##### SOURCE MATERIAL

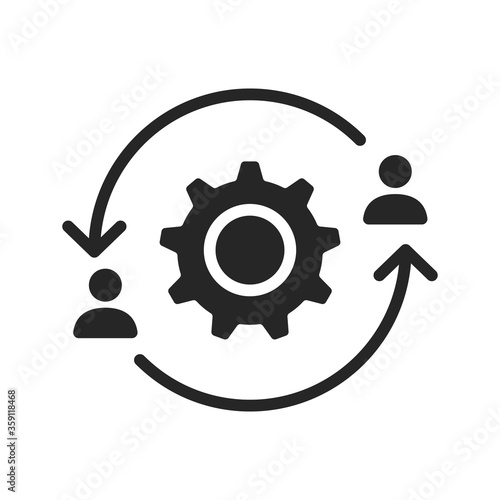 Work process rotating cycle icon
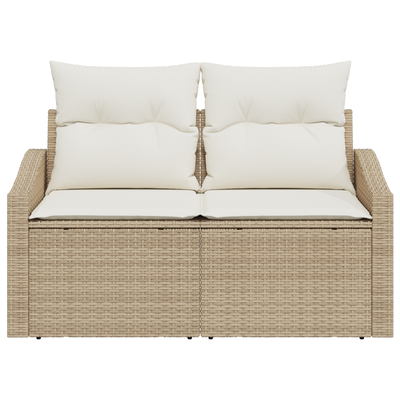2-Seater Garden Sofa with Cushions Beige Poly Rattan
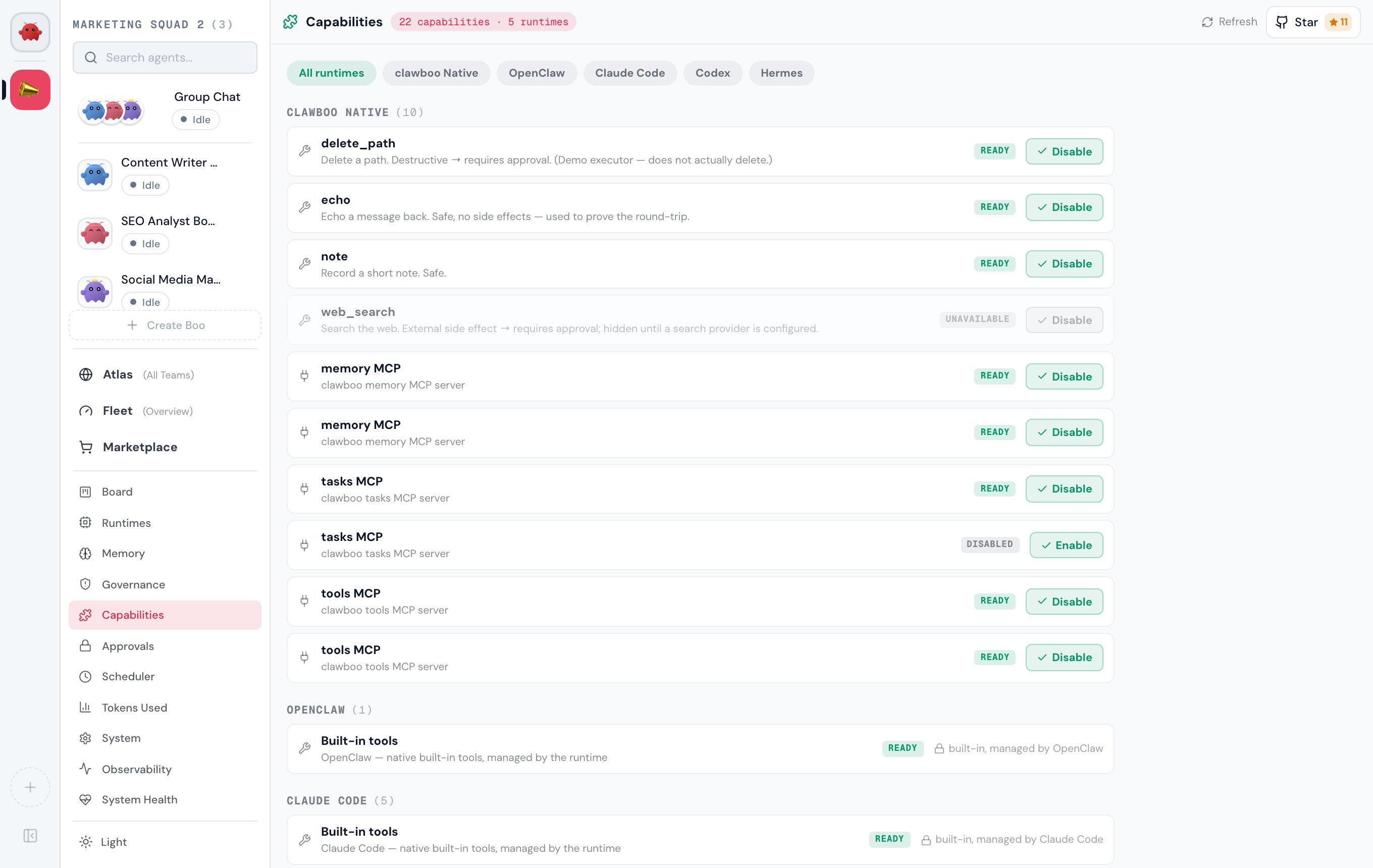 The Capabilities panel grouping skills, tools, and connectors by runtime with availability pills and Enable/Disable actions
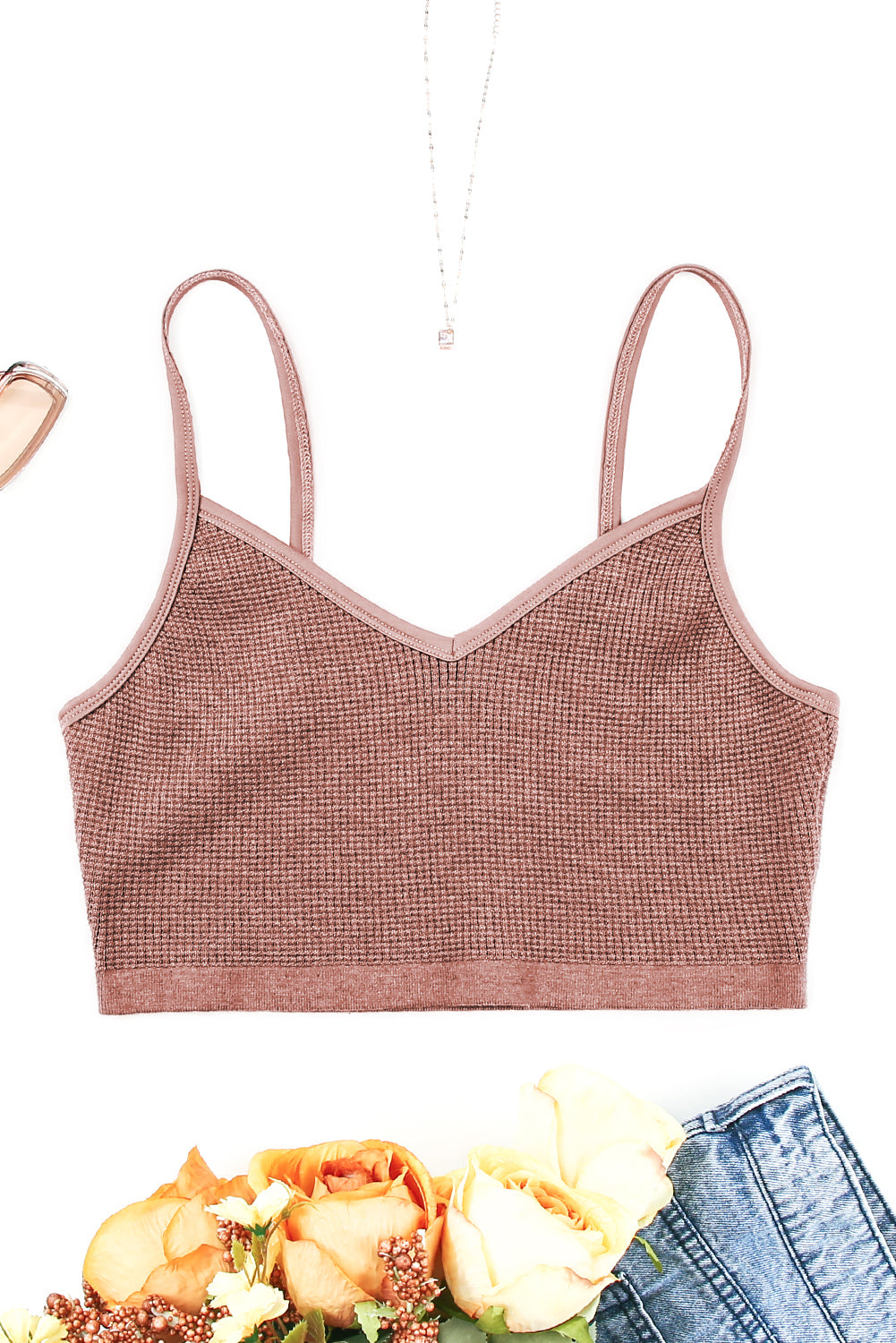 Waffle Knit Cropped Cami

##########

**WORK INSTRUCTION**
With pictures excluded, the data must be transcribed in full and to the letter.

**ANSWER BOX**
 Work process rotating cycle icon
2-Seater Garden Sofa with Cushions Beige Poly Rattan
 The Capabilities panel grouping skills, tools, and connectors by runtime with availability pills and Enable/Disable actions
 Waffle Knit Cropped Cami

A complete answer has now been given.